After placing a new obstacle on the grid, I could fundamentally run the move&rotate function on the new grid.
How to know if the guard is stuck in a loop? I just needed to tweak the original loop a bit.
First of all the distinctPositions set became a Map<Coordinate, Direction>: we keep adding the steps walked to the map including the direction, and after a while if the new candidate position matches both the coordinate and the direction, it means we walked through that cell - we're retracing our steps. Why is the direction needed as well? Because stepping on a previously visited cell doesn't imply a loop, since we could be walking on it first, say, from East to West then from North to South.
+--+
| |
+--X--...
|
⌄
Instead, if we're back on the same cell walking towards the same direction, then, well, we're probably in a loop.
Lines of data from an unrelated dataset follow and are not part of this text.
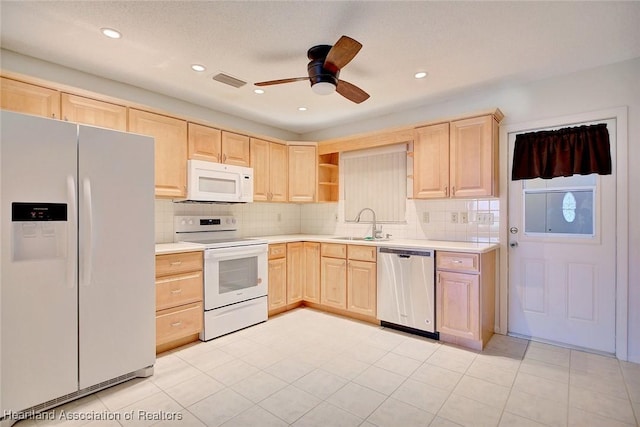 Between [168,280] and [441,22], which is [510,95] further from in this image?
[168,280]

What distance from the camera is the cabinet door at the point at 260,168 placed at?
3.85 metres

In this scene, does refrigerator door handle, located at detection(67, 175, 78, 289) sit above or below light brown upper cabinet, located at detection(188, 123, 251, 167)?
below

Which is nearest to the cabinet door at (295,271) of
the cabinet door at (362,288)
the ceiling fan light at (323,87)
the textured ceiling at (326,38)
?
the cabinet door at (362,288)

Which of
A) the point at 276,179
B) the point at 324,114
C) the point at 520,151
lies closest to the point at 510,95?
the point at 520,151

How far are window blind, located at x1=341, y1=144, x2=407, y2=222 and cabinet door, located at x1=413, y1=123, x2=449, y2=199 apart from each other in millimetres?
404

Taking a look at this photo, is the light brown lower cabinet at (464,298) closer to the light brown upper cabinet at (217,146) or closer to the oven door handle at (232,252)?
the oven door handle at (232,252)

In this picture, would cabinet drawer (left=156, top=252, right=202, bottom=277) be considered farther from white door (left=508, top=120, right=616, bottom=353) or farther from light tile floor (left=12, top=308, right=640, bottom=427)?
white door (left=508, top=120, right=616, bottom=353)

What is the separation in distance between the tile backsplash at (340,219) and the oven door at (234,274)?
710 mm

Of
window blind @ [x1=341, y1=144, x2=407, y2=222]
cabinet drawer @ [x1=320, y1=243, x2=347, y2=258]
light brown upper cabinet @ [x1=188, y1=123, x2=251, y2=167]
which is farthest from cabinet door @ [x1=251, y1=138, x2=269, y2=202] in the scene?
window blind @ [x1=341, y1=144, x2=407, y2=222]

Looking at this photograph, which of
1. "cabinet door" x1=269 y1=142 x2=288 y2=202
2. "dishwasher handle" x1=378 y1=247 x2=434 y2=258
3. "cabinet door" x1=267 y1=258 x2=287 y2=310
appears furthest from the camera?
"cabinet door" x1=269 y1=142 x2=288 y2=202

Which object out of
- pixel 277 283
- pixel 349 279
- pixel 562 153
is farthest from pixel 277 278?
pixel 562 153

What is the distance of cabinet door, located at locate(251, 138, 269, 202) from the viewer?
152 inches

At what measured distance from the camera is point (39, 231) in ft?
6.07

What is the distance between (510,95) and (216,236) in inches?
139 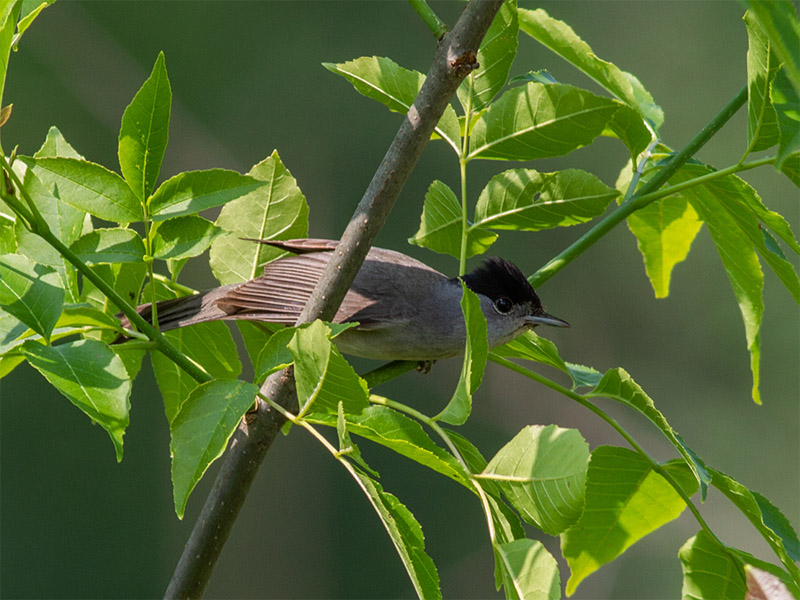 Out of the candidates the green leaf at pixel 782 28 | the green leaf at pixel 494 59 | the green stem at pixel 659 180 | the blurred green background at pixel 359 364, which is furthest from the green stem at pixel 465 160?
the blurred green background at pixel 359 364

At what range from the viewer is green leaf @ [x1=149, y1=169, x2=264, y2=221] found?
2.86 ft

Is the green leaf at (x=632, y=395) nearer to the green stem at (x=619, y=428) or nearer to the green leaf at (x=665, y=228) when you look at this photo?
the green stem at (x=619, y=428)

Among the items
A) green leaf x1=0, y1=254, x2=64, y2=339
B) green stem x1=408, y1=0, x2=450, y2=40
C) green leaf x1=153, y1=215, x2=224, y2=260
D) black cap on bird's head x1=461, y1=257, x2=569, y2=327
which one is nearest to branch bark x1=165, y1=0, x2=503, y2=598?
green stem x1=408, y1=0, x2=450, y2=40

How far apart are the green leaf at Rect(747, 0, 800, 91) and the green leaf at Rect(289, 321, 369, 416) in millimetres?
401

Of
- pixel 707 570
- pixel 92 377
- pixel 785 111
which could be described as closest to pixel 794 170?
pixel 785 111

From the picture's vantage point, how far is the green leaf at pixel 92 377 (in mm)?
737

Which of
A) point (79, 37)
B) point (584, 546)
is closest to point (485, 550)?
point (79, 37)

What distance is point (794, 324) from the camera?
312 inches

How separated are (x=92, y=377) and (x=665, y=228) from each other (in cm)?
95

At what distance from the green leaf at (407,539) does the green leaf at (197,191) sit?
318 mm

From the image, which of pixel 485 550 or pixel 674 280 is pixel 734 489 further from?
pixel 674 280

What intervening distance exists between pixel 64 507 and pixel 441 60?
7.46 m

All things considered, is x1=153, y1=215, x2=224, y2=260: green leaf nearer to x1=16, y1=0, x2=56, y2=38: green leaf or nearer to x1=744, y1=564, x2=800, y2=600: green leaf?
x1=16, y1=0, x2=56, y2=38: green leaf

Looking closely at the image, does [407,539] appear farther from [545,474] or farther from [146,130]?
[146,130] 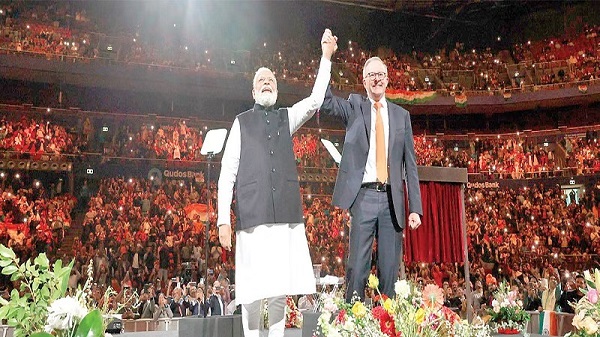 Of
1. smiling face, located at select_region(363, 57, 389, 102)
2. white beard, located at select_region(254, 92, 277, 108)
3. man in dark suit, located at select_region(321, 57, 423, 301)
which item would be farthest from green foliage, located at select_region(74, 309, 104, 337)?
smiling face, located at select_region(363, 57, 389, 102)

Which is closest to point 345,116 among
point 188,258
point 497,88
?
point 188,258

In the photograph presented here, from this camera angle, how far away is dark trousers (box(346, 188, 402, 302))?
300cm

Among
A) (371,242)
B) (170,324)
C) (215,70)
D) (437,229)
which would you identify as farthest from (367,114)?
(215,70)

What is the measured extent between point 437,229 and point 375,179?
2.10 metres

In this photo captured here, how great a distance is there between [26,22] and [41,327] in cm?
1297

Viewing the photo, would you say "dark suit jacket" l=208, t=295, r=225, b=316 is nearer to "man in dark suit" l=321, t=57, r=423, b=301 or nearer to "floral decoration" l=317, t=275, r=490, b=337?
"man in dark suit" l=321, t=57, r=423, b=301

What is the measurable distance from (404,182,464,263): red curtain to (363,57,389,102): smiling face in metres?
1.88

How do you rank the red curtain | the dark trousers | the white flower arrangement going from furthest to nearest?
the red curtain, the dark trousers, the white flower arrangement

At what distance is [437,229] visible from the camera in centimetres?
503

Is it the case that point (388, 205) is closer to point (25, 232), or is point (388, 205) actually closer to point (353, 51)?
point (25, 232)

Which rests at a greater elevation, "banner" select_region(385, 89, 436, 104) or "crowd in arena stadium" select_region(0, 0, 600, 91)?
"crowd in arena stadium" select_region(0, 0, 600, 91)

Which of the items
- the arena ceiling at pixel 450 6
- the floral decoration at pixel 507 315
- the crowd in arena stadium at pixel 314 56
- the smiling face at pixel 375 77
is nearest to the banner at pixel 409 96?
the crowd in arena stadium at pixel 314 56

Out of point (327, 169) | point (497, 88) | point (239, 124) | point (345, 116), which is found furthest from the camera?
point (497, 88)

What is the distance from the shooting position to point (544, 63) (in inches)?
618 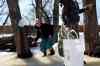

That being said, we can add a few checks to the original while:
let foundLoop = false;
while (grid.get(newPosCoord) && !foundLoop) {
if (distinctPositions.has(newPosCoord) && distinctPositions.get(newPosCoord) === direction) {
foundLoop = true;
break;
}
... // Same as before
newPosCoord = move(currentPos, direction);
}
Then in the main function:
// Part 1 function to find the distinct coordinates
const { distinctPositions } = calcDistinctPositions(grid, initialPos);
// Remove initial position, as we don't want an obstacle there
distinctPositions.delete(initialPos);
Array.from(distinctPositions.keys()).forEach(coord => {
const newGrid = new Map(grid);
newGrid.set(coord, "#"); // Create a new grid with one new obstacle along the path
// If a loop is found, increase the counter
const { foundLoop } = calcDistinctPositions(newGrid, initialPos);
if (foundLoop) {
loopCount++;
}
});
This works like a charmed - admittedly a bit slow (~ 8 seconds on my machine) due to the large number of iterations, but it got me the 2nd star no problem 🤩